Notes: only 5 competitors

7 miles walk
| Pos | Athlete | Club | Time / Dist |
|---|---|---|---|
| 1. | Harry Whyatt | Notts Forest FC | 59:15 |
| 2. | J. Pritchard | Birchfield H. | 59:20 |
| 3. | George Philip Beckley | London AC | 59:55 |

Notes: 7 competitors but only 3 finished

Championship best performance
| Event | Athlete | Time / Dist | Year |
|---|---|---|---|
| 100 yards | William Page Phillips (London AC) | 10 1/5 | 1880 |
|  | William Page Phillips (London AC) | 10 1/5 | 1882 |
|  | James John Milroy Cowie (London AC) | 10 1/5 | 1883 |
| 440 yards | Henry Rawlins Ball (London AC) | 50 1/5 | 1882 |
| 880 yards | William Birkett (London AC) | 1:58 | 1883 |
| 1 mile | Bernhard Wise (Australia / Oxford Un. AC) | 4:24 2/5 | 1881 |
| 4 miles | George Morley Nehan (Blackheath H.) | 20:26 1/5 | 1881 |
| 10 miles | George Augustus Dunning (Clapton Beagles) | 54:34 | 1881 |
| 120 yards hurdles | Samuel Palmer (Cambridge Un.
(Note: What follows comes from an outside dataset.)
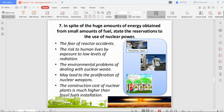The fourth reservation is that nuclear material may lead to the proliferation of nuclear weapons — if nuclear material is available, it could be used to build weapons, which is dangerous. Lastly, the construction cost of a nuclear plant is much higher than fossil fuel installation. There is also the danger that harvesting the fuel, if done incorrectly, can result in a catastrophic explosion.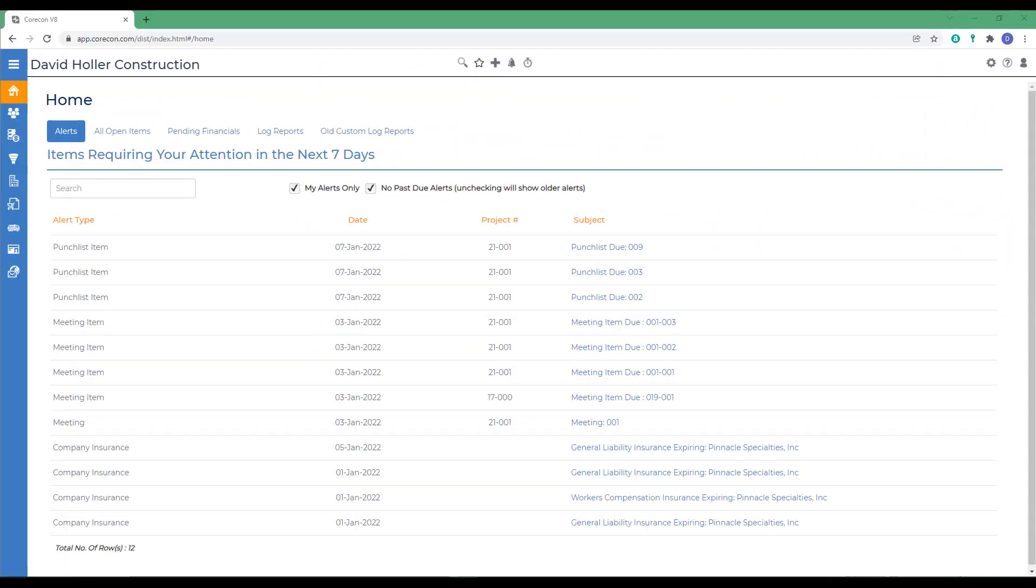This CoreCon training video is the first in a series on three features built into CoreCon in the scheduling module. Proper scheduling ensures the completion of the project on time and within budget. Not only does it outline the pace of the work, but also how the tasks are executed.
AC) | 16 1/5 | 1883 |
| High jump | Patrick Davin (Ireland) | 6 ft 1/2in (1.84m) | 1881 |
| Pole jump | Thomas Ray (Ulverston CC) | 11 ft 3in (3.43m) | 1881 |
| Long jump | John Whitehill Parsons (Edinburgh H.) | 23 ft 0 1/4in (7.01m) | 1883 |
| Shot put | George McKenzie Ross (Patricroft) | 42 ft 4in (12.90m) | 1882 |
| Hammer | John D. Gruer (Scottish Club) | 101 ft 2 1/2in (30.84m) | 1883 |
| 7 miles walk | John W. Raby (Elland) | 54:48 2/5 | 1881 |

"Notes:" Performances in the Steeplechase are not comparable until the event was standardised in the 1930s.